The most accurate answer is: Olympus Mons is almost certainly dormant, not proven extinct.
Here’s why planetary geologists are cautious:
- It formed over a very long time. Olympus Mons is a shield volcano, built by repeated low-viscosity lava eruptions, somewhat like the Hawaiian volcanoes but on a much grander scale.
- Some lava flows appear geologically young. On Mars, “young” can still mean millions of years old, not historical time. But several studies have dated parts of the broader Tharsis volcanic province to the last few hundred million years, and some surfaces associated with Olympus Mons itself may be much younger than the ancient cratered highlands.
- Mars is not geologically dead.

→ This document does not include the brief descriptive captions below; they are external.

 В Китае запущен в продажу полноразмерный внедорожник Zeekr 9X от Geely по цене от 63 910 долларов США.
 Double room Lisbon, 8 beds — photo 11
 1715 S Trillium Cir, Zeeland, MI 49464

NASA’s InSight mission detected marsquakes, and some of the strongest evidence for recent internal activity comes from Cerberus Fossae, far from Olympus Mons. That matters because it shows Mars still has enough internal heat to crack and move its crust.

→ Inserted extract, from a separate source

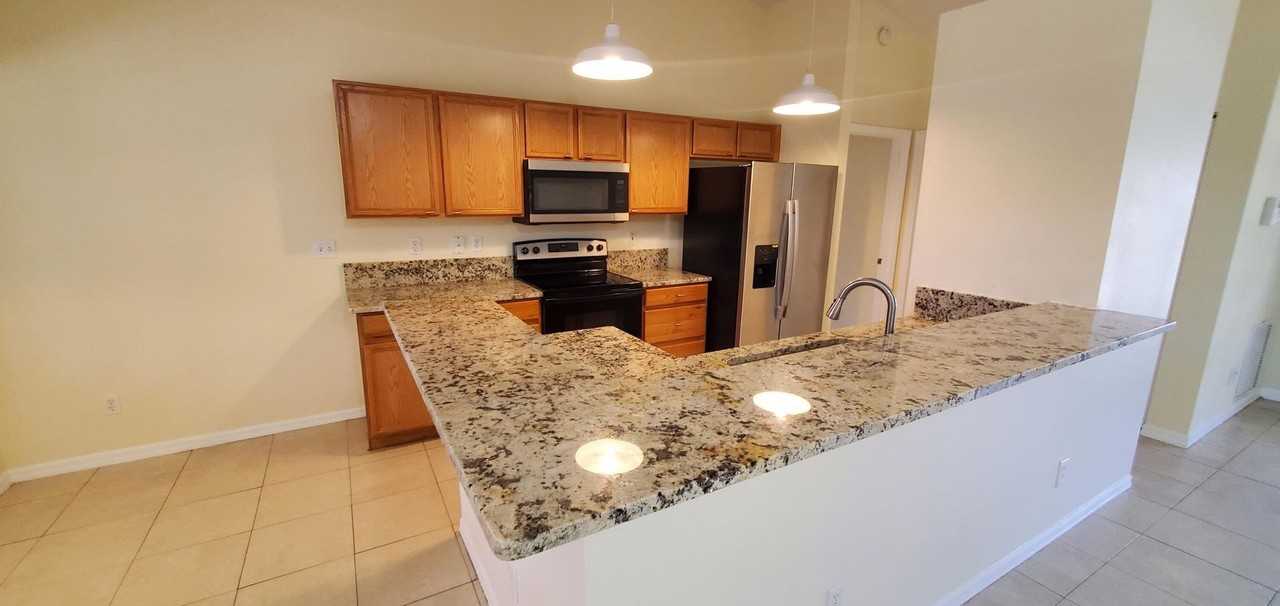 790 Southwest Hibiscus Street - Photo 3 of 15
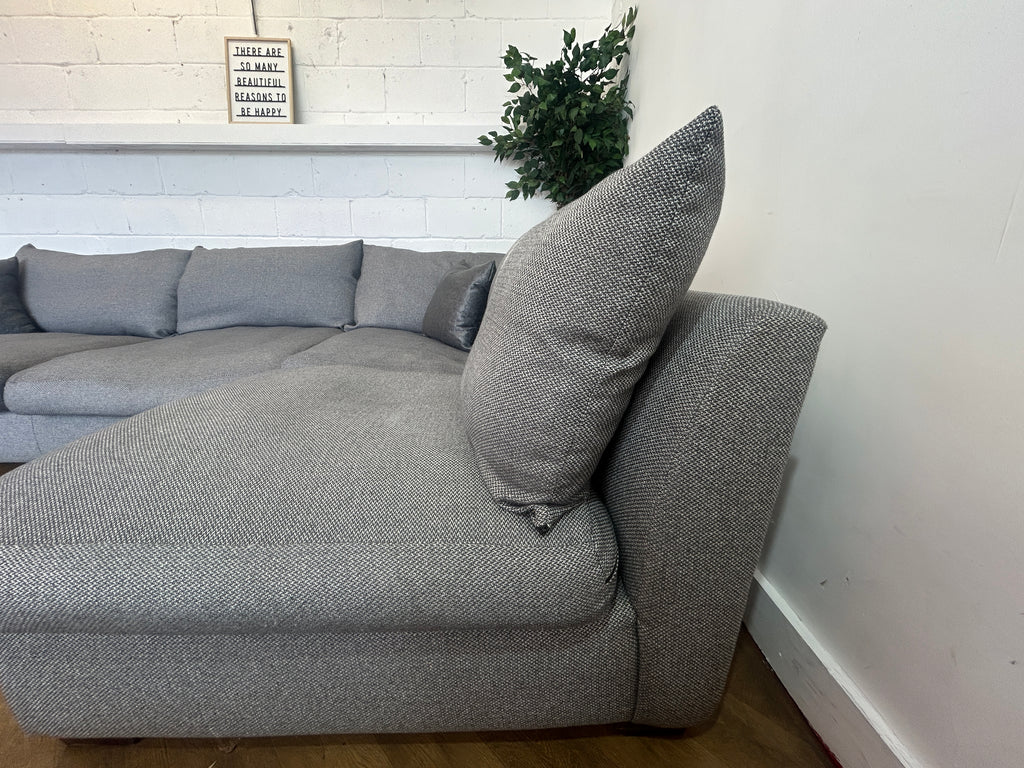 Stunning Grey Corner Sofa, Left Hand Chaise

What argues against an eruption any time soon is equally important:
- No confirmed modern activity
There has been no direct observation of active lava, ash, or volcanic gas from Olympus Mons. - Mars has cooled substantially
Compared with its early history, Mars has lost much of the internal heat that powered widespread volcanism. - No plate tectonics
On Earth, tectonics helps recycle heat and material. Mars lacks Earth-style plate tectonics, so its volcanic systems evolve differently and may shut down for immense periods.
A useful way to think about it is that volcanoes can stay quiet for extraordinarily long times and still not be truly finished. On Earth, there are volcanoes that sleep for tens of thousands of years between major eruptive phases. On Mars, with slower geology, the relevant quiet periods may be vastly longer.
So Olympus Mons is not thought to be “totally dormant” in the sense of certainly extinct. It is better described as a volcano with no known present activity, but a nonzero possibility of future eruptions if magma still exists at depth. If it ever erupts again, the timetable is far more likely to be measured in geologic time than in human history.